The intellectual justification is probably something like:

Hiring someone always represents a risk. You don't know if the person is going to succeed at the job you hired them for. You don't know if they're going to wind up a positive asset to the company. You need the option of firing them, and the possibility that you might wind up in a legal battle because you did so -- that even if you have an airtight case, you'll have to lawyer up and spend time in a court room -- is scary and could therefore have a chilling effect on hiring in the first place.


Well,

For that we have trial periods (usually three month).

After that employees can still be fired, but there's a notification period involved.


Is it fair to the people running the business that they should have to keep paying money to people that aren't helping out much?


If the employee us no longer pulling their weight, I would consider that reasonable justification for firing them.

(Edited to correct bad autocompletion.)


Yeah, it's pretty hard to prove you were fired for an illegal reason, especially if your employer has a paper trail.

My point in all this is that there is no legal claim here. What's at dispute is shares that have not vested. It's kinda like being pissed off that you will not get the free coffee you get at work if you get fired or if the employer chooses to not provide it anymore; or next year's bonus, or whatever else you have not earned yet.

I guess the downvotes mean fellow readers do not like what I say, which is ok. As long as what I say is not false I'm ok with it.


> Yeah, it's pretty hard to prove you were fired for an illegal reason, especially if your employer has a paper trail

In the case for which I was a jury member, a women sued her previous employer for wrongful termination, claiming she was fired for whistle-blowing. Her job was a safety inspector at a refinery and she raised some concerns about the safety procedures involved with cleaning some tanks. She even had documentation (in the form of emails), which showed that some of her coworkers raised a stink about her concerns.

The problem is, no matter why a company actually fires you, they can always make a reason. And I don't think it's hard to come up with a pretense for firing someone. In the case that I served on, the women had hired one of the company's contractors to do work at her home using company machinery and provided reasonable evidence that her bosses knew about it. She was fired for "conflict of interest." Ultimately, we decided in the company's favor. It honestly wasn't even close. There were about 10 questions that would have had to answer yes to, and we only made it to the second one (and almost didn't make it that far).

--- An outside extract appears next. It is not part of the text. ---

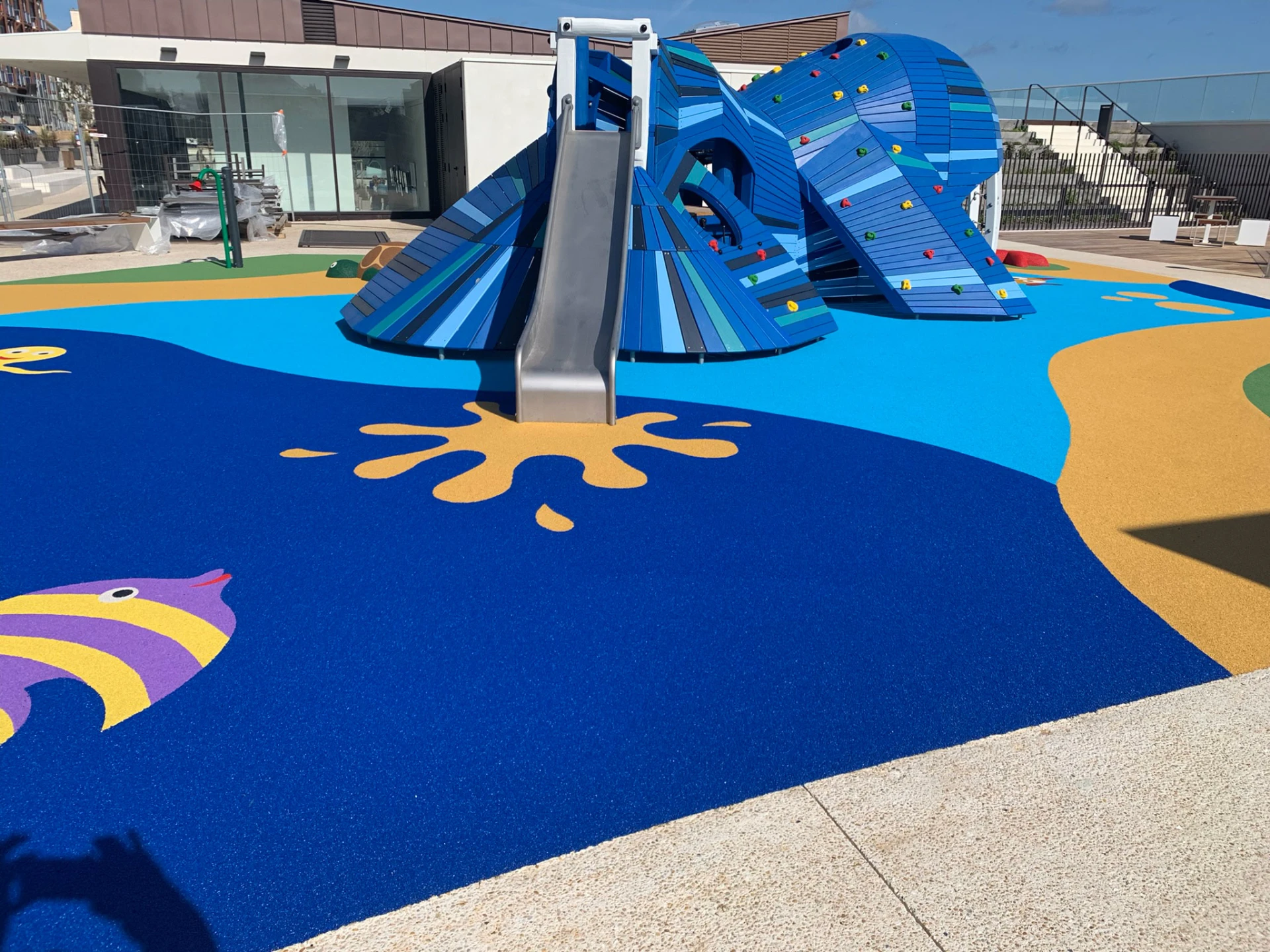 Water themed playground surfacing with fish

Still, I'm surprised that at-will employment never came up in this case. It seems relavent. And the company's lawyer definitely seemed worth his salt.


I don't think the firing would be the issue. It's more of a "we are changing what we promised you. Acknowledge this or leave" that might lead to claims.

It doesn't seem that different from reneging on retro pay that an employee might have been promised for example.


But they're not changing what they promised. Stock option vest as long as you're still employed by the company. If the company fires you, your options stop vesting. The promise is in regards to the stock option vesting, not the length of your employment.


So the question becomes; why are they firing you? Is it to prevent you from keeping your part of the agreement or because you're crap? Stupidly, Zynga has proven that it was not the latter.


That is what it boils down to, really. And the thing is that even in an at will state, you still have contract considerations.


I'm pretty sure they have a paper trail to support their case.

And this is where I thank you for your time and go find a real lawyer.